DOSB - Olympiamannschaft

Paralympisch Leben

Das Online-Magazin „Paralympisch Leben“ ist das Herz der Webseite. Hier berichten wir über die Athletinnen und Athleten der Deutschen Paralympischen Mannschaft. Im Mittelpunkt stehen dabei die Geschichten hinter den Sportlern: Was macht sie aus, was haben sie erlebt und wie denken und fühlen sie? Alle Athletinnen und Athleten der Deutschen Paralympischen Mannschaft haben spannende Geschichten zu erzählen – die wir unter der Überschrift „Paralympisch Leben“ bündeln.

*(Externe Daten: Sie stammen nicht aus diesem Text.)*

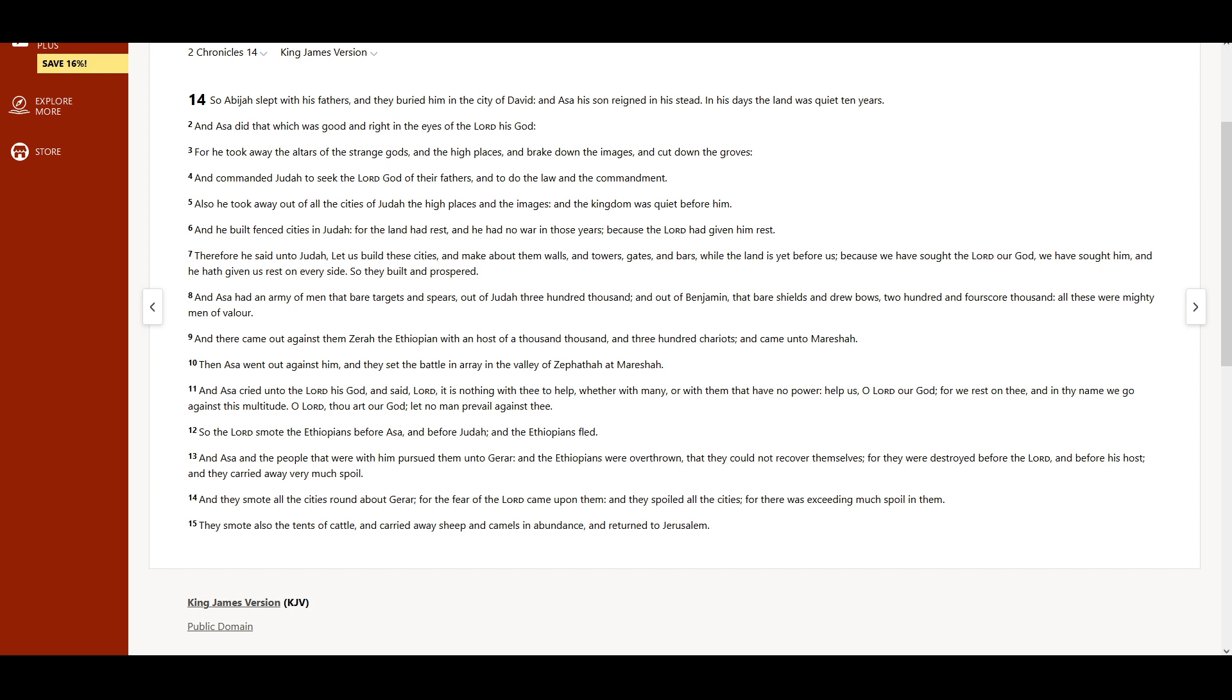And they carried away very much spoil. And they smote all the cities round about Gerar, for the fear of the Lord came upon them. And they spoiled all the cities, for there was exceeding much spoil in them.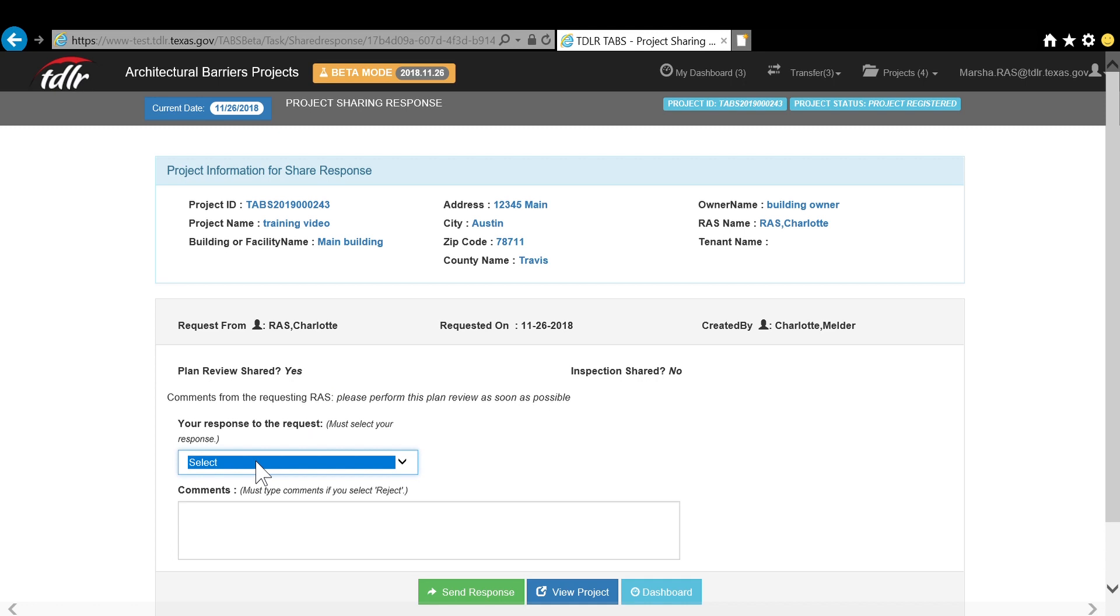If you deny the request, you will need to enter the reason for the denial and select Reject Transfer Request.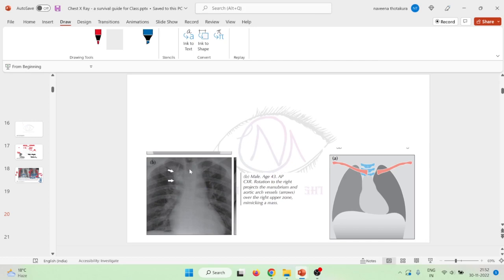One more important finding: the lung on the left side may appear a little blacker compared to the right side. This rotation may cause one lung to appear blacker when compared to the opposite lung — not due to any pathology, but simply because of this rotation artifact.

Sein großes Ziel liegt abseits von Schnee und Snowboard

Sein großes Ziel liegt abseits von Schnee und Snowboard

Parasnowboarder und Paratriathlet Stefan Lösler: Energie für jede Jahreszeit

Als erster und einziger deutscher Parasnowboarder trat Stefan Lösler im März 2014 bei den Paralympischen Spielen in Sotschi an. Der 29-Jährige ist seit einem schweren Verkehrsunfall oberschenkelamputiert und startet Mitte November in den Niederlanden in die kommende Weltcupsaison. Sein großes Ziel liegt jedoch abseits von Schnee und Snowboard: Lösler will 2016 zu den Paralympics nach Rio de Janeiro – als Triathlet. Da wären Erfolge im Winter eine willkommene Zusatz-Motivation.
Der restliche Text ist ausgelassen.